--- Work instructions ---
Only the lines of the data below from the one with "YJZT 8.2CM*10CM German" through the one with "Chemical structure of Simeprevir Sodium" are wanted. Repeat them exactly.

--- Dataset records ---
──────────────────────────────

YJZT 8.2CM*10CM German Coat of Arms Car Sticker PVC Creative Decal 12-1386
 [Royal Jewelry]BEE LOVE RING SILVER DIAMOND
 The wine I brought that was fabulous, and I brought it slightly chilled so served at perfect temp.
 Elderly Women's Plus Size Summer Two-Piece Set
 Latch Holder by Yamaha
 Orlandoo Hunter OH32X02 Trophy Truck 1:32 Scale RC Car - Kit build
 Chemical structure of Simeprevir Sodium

──────────────────────────────

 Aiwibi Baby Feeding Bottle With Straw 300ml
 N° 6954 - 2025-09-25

──────────────────────────────

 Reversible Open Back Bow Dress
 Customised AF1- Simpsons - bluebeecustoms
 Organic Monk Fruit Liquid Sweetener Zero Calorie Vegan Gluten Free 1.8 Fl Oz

──────────────────────────────

--- Exercise output ---
YJZT 8.2CM*10CM German Coat of Arms Car Sticker PVC Creative Decal 12-1386
 [Royal Jewelry]BEE LOVE RING SILVER DIAMOND
 The wine I brought that was fabulous, and I brought it slightly chilled so served at perfect temp.
 Elderly Women's Plus Size Summer Two-Piece Set
 Latch Holder by Yamaha
 Orlandoo Hunter OH32X02 Trophy Truck 1:32 Scale RC Car - Kit build
 Chemical structure of Simeprevir Sodium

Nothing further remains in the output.